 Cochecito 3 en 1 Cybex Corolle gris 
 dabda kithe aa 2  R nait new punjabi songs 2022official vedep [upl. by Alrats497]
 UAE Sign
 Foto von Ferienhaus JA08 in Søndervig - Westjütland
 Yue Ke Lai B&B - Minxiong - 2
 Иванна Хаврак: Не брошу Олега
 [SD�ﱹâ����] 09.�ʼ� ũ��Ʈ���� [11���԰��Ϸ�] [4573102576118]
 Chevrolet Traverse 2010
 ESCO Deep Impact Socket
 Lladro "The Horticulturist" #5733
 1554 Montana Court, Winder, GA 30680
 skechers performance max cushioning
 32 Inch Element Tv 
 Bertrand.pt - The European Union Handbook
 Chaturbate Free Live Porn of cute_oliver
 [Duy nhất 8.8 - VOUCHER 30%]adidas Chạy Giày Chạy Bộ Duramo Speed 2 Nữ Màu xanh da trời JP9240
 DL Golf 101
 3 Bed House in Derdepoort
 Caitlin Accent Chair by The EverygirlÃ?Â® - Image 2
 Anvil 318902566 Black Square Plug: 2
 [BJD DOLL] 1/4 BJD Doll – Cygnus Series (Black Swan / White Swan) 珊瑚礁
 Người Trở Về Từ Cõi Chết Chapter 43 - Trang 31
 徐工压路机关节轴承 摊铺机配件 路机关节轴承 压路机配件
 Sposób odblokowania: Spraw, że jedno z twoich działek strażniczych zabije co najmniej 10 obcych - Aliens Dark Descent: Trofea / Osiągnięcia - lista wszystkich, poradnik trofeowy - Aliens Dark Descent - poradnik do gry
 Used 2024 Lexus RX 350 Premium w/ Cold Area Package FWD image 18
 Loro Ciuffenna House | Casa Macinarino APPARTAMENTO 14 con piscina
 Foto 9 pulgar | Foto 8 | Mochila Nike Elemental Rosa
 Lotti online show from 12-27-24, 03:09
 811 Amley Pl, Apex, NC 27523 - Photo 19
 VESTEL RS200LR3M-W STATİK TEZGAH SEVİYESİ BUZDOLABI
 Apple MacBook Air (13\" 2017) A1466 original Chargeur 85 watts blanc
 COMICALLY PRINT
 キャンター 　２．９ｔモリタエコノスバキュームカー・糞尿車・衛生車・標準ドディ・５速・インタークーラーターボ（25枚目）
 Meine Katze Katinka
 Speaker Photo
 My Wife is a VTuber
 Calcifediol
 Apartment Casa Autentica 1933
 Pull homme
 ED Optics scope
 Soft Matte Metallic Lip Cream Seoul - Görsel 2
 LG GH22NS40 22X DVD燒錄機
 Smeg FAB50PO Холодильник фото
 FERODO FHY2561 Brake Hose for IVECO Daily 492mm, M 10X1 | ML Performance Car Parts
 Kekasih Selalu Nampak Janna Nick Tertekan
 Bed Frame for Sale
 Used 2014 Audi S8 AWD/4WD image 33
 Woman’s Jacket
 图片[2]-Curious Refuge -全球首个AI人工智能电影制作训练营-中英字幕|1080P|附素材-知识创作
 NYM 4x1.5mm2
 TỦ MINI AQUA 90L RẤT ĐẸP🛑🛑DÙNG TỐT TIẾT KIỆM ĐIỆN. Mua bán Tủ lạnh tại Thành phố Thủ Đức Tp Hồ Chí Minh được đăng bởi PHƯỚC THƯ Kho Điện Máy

## WORK INSTRUCTION:
Repeat only what lies between the first line of the data and the line containing "NYM 4x1.5mm2", both of those lines included, exactly as it stands.

## SOLUTION TO THE EXERCISE:
 Cochecito 3 en 1 Cybex Corolle gris 
 dabda kithe aa 2  R nait new punjabi songs 2022official vedep [upl. by Alrats497]
 UAE Sign
 Foto von Ferienhaus JA08 in Søndervig - Westjütland
 Yue Ke Lai B&B - Minxiong - 2
 Иванна Хаврак: Не брошу Олега
 [SD�ﱹâ����] 09.�ʼ� ũ��Ʈ���� [11���԰��Ϸ�] [4573102576118]
 Chevrolet Traverse 2010
 ESCO Deep Impact Socket
 Lladro "The Horticulturist" #5733
 1554 Montana Court, Winder, GA 30680
 skechers performance max cushioning
 32 Inch Element Tv 
 Bertrand.pt - The European Union Handbook
 Chaturbate Free Live Porn of cute_oliver
 [Duy nhất 8.8 - VOUCHER 30%]adidas Chạy Giày Chạy Bộ Duramo Speed 2 Nữ Màu xanh da trời JP9240
 DL Golf 101
 3 Bed House in Derdepoort
 Caitlin Accent Chair by The EverygirlÃ?Â® - Image 2
 Anvil 318902566 Black Square Plug: 2
 [BJD DOLL] 1/4 BJD Doll – Cygnus Series (Black Swan / White Swan) 珊瑚礁
 Người Trở Về Từ Cõi Chết Chapter 43 - Trang 31
 徐工压路机关节轴承 摊铺机配件 路机关节轴承 压路机配件
 Sposób odblokowania: Spraw, że jedno z twoich działek strażniczych zabije co najmniej 10 obcych - Aliens Dark Descent: Trofea / Osiągnięcia - lista wszystkich, poradnik trofeowy - Aliens Dark Descent - poradnik do gry
 Used 2024 Lexus RX 350 Premium w/ Cold Area Package FWD image 18
 Loro Ciuffenna House | Casa Macinarino APPARTAMENTO 14 con piscina
 Foto 9 pulgar | Foto 8 | Mochila Nike Elemental Rosa
 Lotti online show from 12-27-24, 03:09
 811 Amley Pl, Apex, NC 27523 - Photo 19
 VESTEL RS200LR3M-W STATİK TEZGAH SEVİYESİ BUZDOLABI
 Apple MacBook Air (13\" 2017) A1466 original Chargeur 85 watts blanc
 COMICALLY PRINT
 キャンター 　２．９ｔモリタエコノスバキュームカー・糞尿車・衛生車・標準ドディ・５速・インタークーラーターボ（25枚目）
 Meine Katze Katinka
 Speaker Photo
 My Wife is a VTuber
 Calcifediol
 Apartment Casa Autentica 1933
 Pull homme
 ED Optics scope
 Soft Matte Metallic Lip Cream Seoul - Görsel 2
 LG GH22NS40 22X DVD燒錄機
 Smeg FAB50PO Холодильник фото
 FERODO FHY2561 Brake Hose for IVECO Daily 492mm, M 10X1 | ML Performance Car Parts
 Kekasih Selalu Nampak Janna Nick Tertekan
 Bed Frame for Sale
 Used 2014 Audi S8 AWD/4WD image 33
 Woman’s Jacket
 图片[2]-Curious Refuge -全球首个AI人工智能电影制作训练营-中英字幕|1080P|附素材-知识创作
 NYM 4x1.5mm2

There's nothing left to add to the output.